The AI Alliance is focused on advancing AI systems that address challenges in climate, human health, and beyond. It is also working on creating a catalog of vetted safety, security, and trust tools, supporting the development and use of AI systems, and fostering an ecosystem that promotes responsible AI development.


In [12]:
query_engine = index.as_query_engine()
query = query_utils.tweak_query('How do I join the AI Alliance?', MY_CONFIG.LLM_MODEL)
res = query_engine.query(query)
print(res)

<think>

</think>

To join the AI Alliance, you can visit the [contact form](https://thealliance.ai/contact) and submit a message to our membership team.
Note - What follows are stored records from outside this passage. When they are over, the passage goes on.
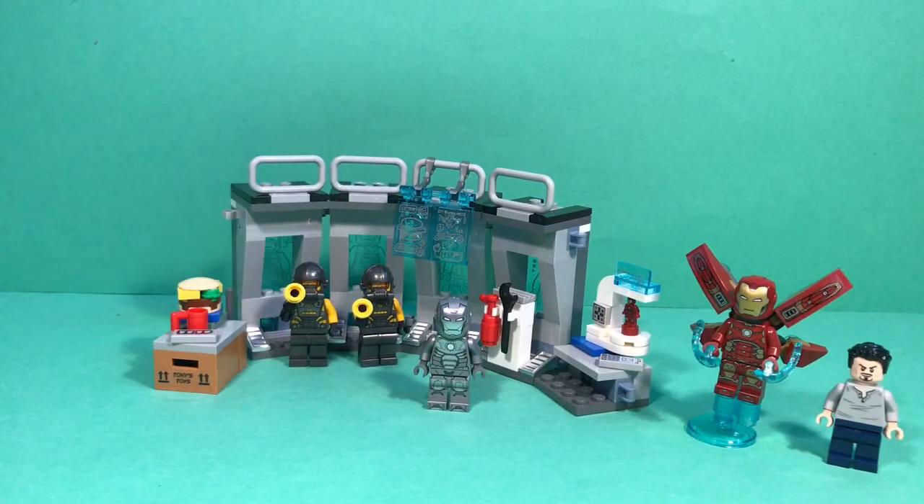Hey guys, welcome back to another video where today I'm going to be reviewing the LEGO Avengers Iron Man Armoury, which is supposed to be an expansion to the Iron Man Hall of Armour, which I got for my birthday earlier this year. I did try and do a review, but it didn't work, but we're going to do a review of this one, so let's take a look at the minifigures.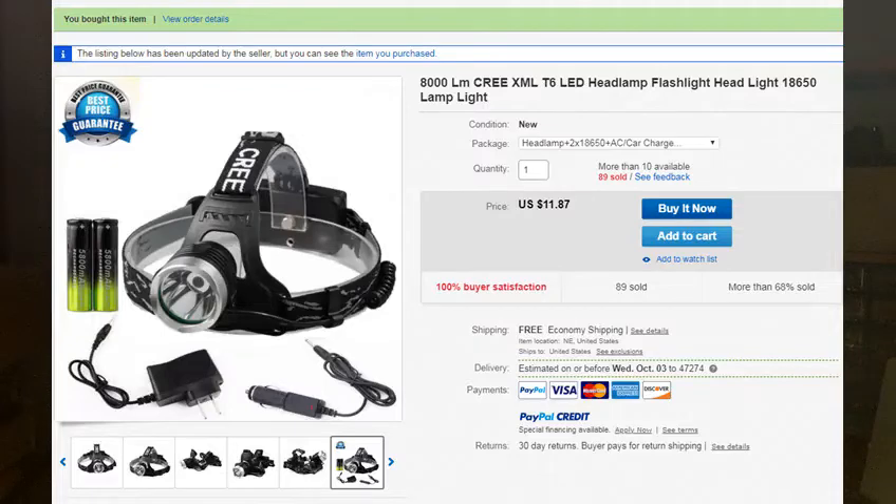He likes this headlight and I thought, well, I'll take a chance. It was $11.87, I think, with the battery pack and all the stuff to charge it. Looked like a good one and he seems to be very happy with it, so I thought I'd give that a shot. I'll flash a picture of that on screen. That's a US seller, by the way. I'll put a link to that in the description if I can remember it. I'll link to something, somewhere.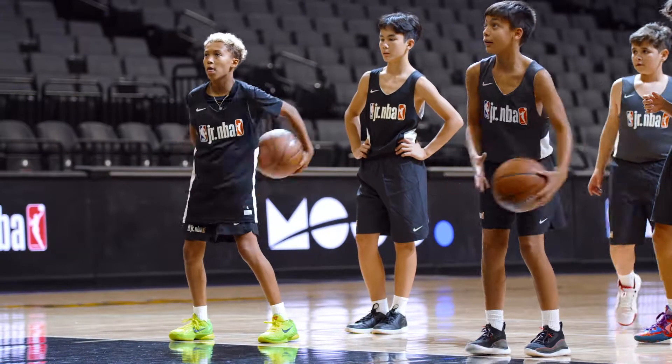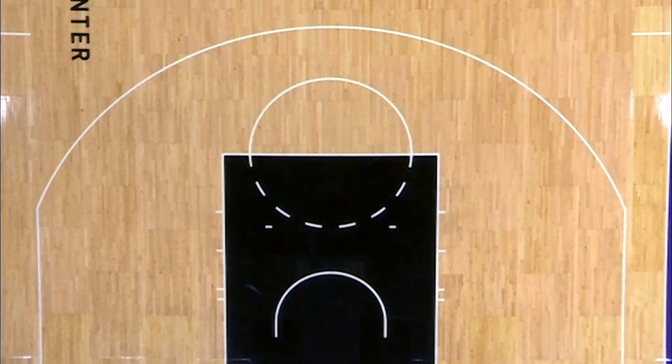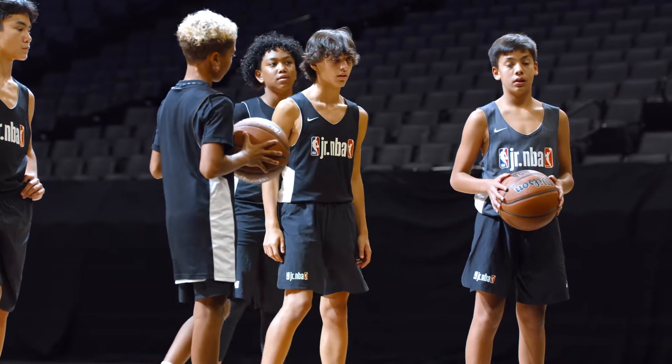Drop the mic and grab a ball in this head-to-head game we call Wrap Battle. Use a half court. Divide the group into two teams and line them up on the free throw line. The first player in each line gets a ball.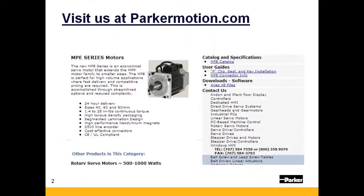The Parker MPE is available and ready to ship from our inventory. Make sure to visit us at parkermotion.com to see all the details on the MPE, as well as other motion control products offered by Parker Hannafin.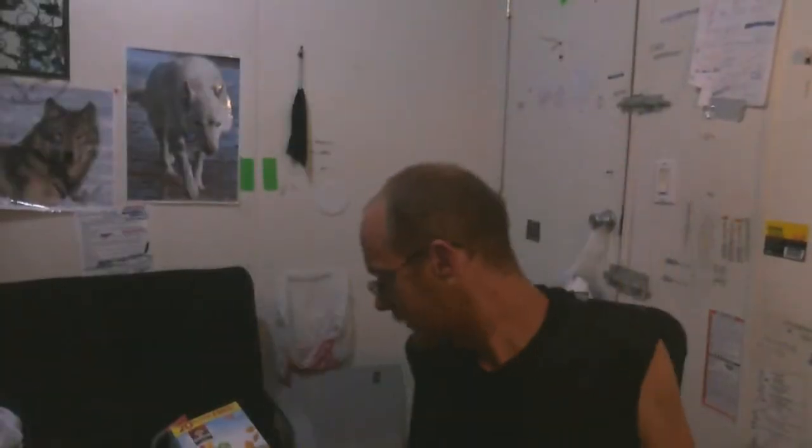Alright, I'm back. I'll read just this. I got some new flashlights again.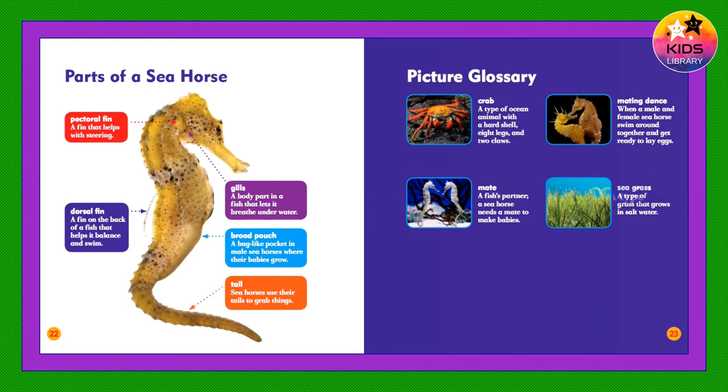Seagrass: A type of grass that grows in salt water.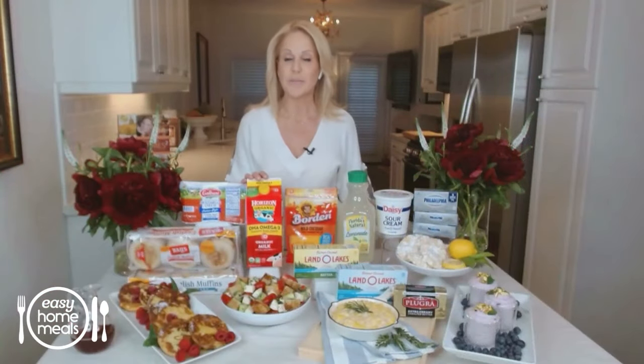For more tasty summer recipes, visit easyhomemeals.com.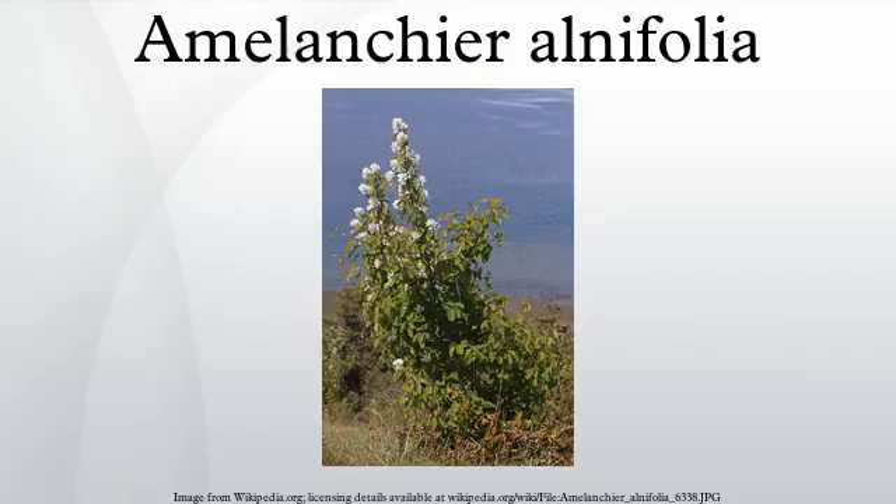Varieties: the three varieties are A. var. alnifolia, found in the northeastern part of the species range; A. var. Pumila (A. Nelson), found in the Rocky Mountains and Sierra Nevada; and A. var. semiintegrifolia (C.L. Hitchc.), found in Pacific coastal regions from Alaska to northwestern California.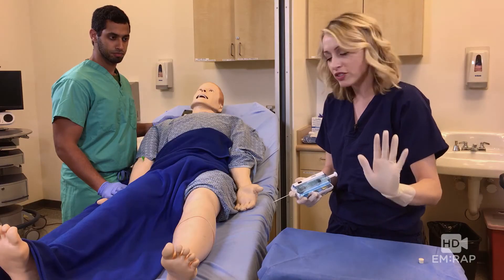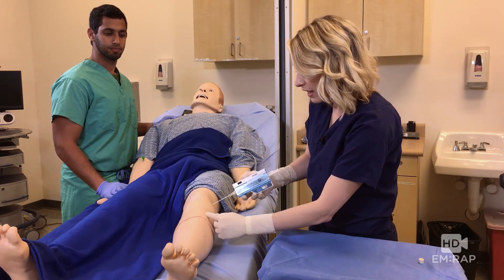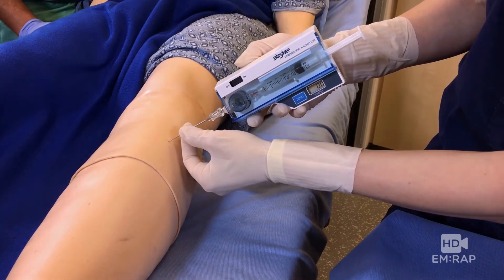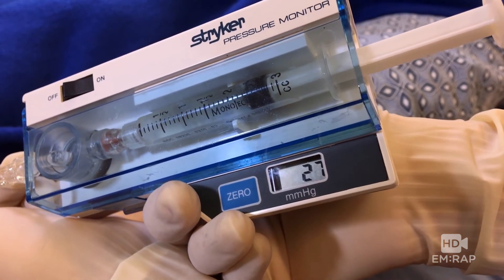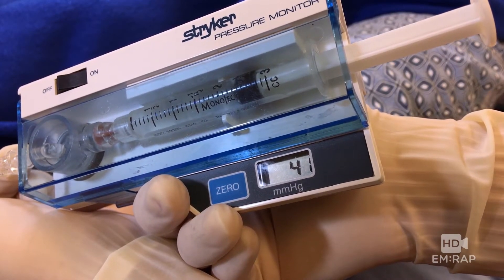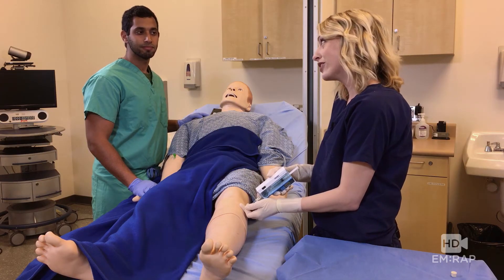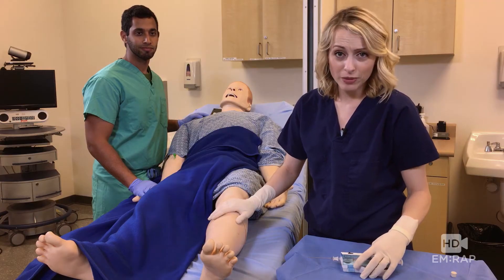Put on a fresh sterile glove, repalpate your landmarks, and go ahead and insert it into the compartment. You might feel a pop as you go through the fascia. Inject about 0.3 ml of saline, and now it should read your compartment pressure. You know you're in the right place because if you squeeze that compartment, you'll get a rise in the pressure. The pressure is over 30, so this is consistent with compartment syndrome and he's going to need a fasciotomy.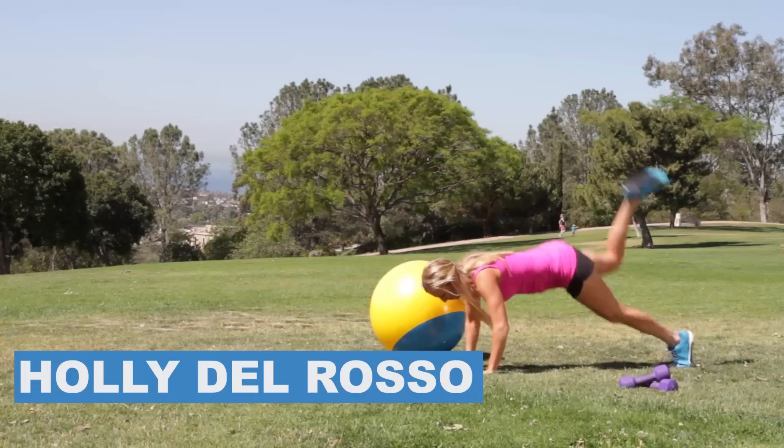Hi ladies, I'm Holly Del Rosso and this is my Define Series. We're going to get single leg slim. We're going to focus on one-legged burpees today where you're going to feel really toned and really strong in your backside. So all that jiggle is going to be no more.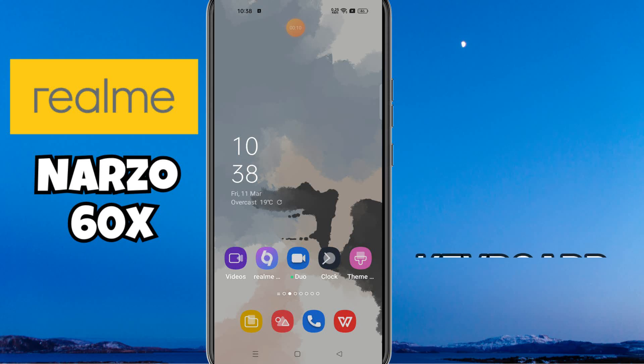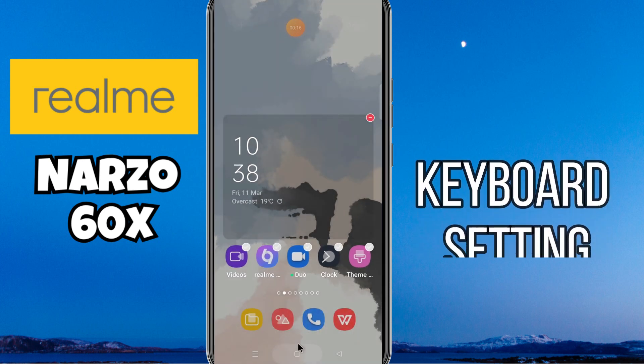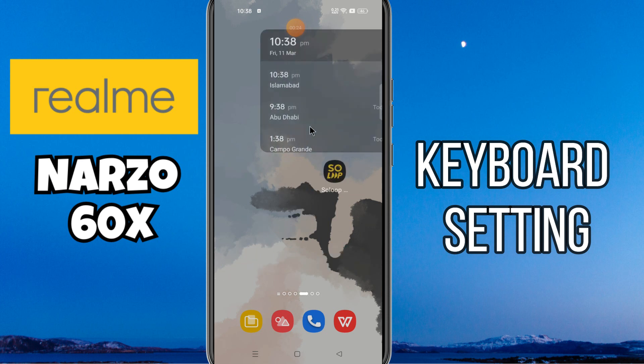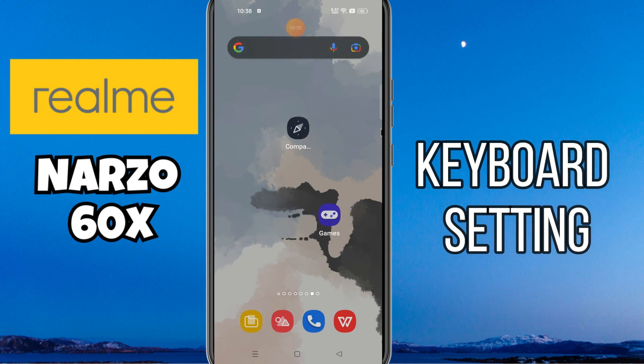Hello everyone. In this video I'm going to show you how to manage keyboard settings in your device Narzo 60x. I'll show you how to turn keyboard sound on and off. Before I start, if you are new to my channel, don't forget to subscribe and press the bell icon. Watch the complete video and learn how you can do it.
Once your application is reviewed and approved, you will be invited to the AI Alliance Slack and receive additional instructions on how to join our community.


In [13]:
query_engine = index.as_query_engine()
query = query_utils.tweak_query('When was the moon landing?', MY_CONFIG.LLM_MODEL)
res = query_engine.query(query)
print(res)

<think>

</think>

The information provided in the context is about AI-related projects, demos, and open-source initiatives, and there is no mention of the moon landing or its date. Therefore, based on the given context, I cannot provide a specific answer to the query about the moon landing.